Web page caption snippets
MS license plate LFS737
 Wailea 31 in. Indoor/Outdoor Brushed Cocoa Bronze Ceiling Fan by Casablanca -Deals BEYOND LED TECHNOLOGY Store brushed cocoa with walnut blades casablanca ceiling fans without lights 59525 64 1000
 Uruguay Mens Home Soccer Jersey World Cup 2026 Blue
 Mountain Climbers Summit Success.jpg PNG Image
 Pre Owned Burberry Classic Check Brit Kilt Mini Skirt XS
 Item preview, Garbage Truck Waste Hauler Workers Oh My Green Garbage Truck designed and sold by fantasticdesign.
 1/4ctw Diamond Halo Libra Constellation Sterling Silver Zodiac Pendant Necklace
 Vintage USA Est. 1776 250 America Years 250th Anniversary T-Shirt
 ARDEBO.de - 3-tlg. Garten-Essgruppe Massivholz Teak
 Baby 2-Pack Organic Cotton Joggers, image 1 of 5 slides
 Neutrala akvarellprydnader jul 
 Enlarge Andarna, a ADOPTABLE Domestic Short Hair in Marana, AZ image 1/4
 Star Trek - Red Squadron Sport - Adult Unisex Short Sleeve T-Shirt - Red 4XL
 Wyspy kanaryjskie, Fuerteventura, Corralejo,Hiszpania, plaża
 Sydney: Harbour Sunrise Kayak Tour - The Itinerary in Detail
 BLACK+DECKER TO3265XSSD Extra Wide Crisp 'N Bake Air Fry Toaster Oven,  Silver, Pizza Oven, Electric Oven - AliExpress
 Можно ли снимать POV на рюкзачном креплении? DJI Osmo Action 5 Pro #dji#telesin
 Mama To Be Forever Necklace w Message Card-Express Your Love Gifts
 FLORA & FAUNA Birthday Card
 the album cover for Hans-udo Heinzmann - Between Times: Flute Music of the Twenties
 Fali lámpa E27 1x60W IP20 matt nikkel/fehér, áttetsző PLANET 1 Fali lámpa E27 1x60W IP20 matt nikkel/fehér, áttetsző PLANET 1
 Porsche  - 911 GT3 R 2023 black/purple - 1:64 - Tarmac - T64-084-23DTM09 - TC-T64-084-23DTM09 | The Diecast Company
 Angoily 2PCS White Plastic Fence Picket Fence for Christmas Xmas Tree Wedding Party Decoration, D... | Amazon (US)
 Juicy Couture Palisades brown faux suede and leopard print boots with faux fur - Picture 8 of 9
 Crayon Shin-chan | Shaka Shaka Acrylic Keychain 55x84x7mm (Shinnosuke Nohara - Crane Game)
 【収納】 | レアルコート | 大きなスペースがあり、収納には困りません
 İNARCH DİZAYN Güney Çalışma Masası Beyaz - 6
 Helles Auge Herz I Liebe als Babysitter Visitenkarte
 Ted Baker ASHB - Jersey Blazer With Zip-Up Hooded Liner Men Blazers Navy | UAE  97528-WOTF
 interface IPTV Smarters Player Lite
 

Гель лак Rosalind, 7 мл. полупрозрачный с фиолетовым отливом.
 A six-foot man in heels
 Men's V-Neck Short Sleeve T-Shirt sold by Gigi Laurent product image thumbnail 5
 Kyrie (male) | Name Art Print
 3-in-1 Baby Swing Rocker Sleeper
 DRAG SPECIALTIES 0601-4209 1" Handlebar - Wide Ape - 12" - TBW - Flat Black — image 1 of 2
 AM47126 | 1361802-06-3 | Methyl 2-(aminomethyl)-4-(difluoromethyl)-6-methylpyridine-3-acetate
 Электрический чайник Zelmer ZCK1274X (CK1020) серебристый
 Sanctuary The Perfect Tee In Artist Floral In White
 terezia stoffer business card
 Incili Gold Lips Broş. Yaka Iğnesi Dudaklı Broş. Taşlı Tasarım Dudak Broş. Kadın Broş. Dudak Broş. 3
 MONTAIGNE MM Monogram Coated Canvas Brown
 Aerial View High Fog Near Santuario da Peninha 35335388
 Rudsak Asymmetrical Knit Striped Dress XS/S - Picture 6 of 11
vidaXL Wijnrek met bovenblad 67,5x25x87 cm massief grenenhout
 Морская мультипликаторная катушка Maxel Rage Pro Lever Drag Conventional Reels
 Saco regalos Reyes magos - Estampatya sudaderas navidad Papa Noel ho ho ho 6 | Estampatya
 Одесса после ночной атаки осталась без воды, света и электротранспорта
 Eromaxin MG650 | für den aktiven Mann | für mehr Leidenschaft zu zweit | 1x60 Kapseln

What you will do:
Search the entries for the string "Silver" and collect each line that has it.

Answer for this exercise:
 1/4ctw Diamond Halo Libra Constellation Sterling Silver Zodiac Pendant Necklace
 BLACK+DECKER TO3265XSSD Extra Wide Crisp 'N Bake Air Fry Toaster Oven,  Silver, Pizza Oven, Electric Oven - AliExpress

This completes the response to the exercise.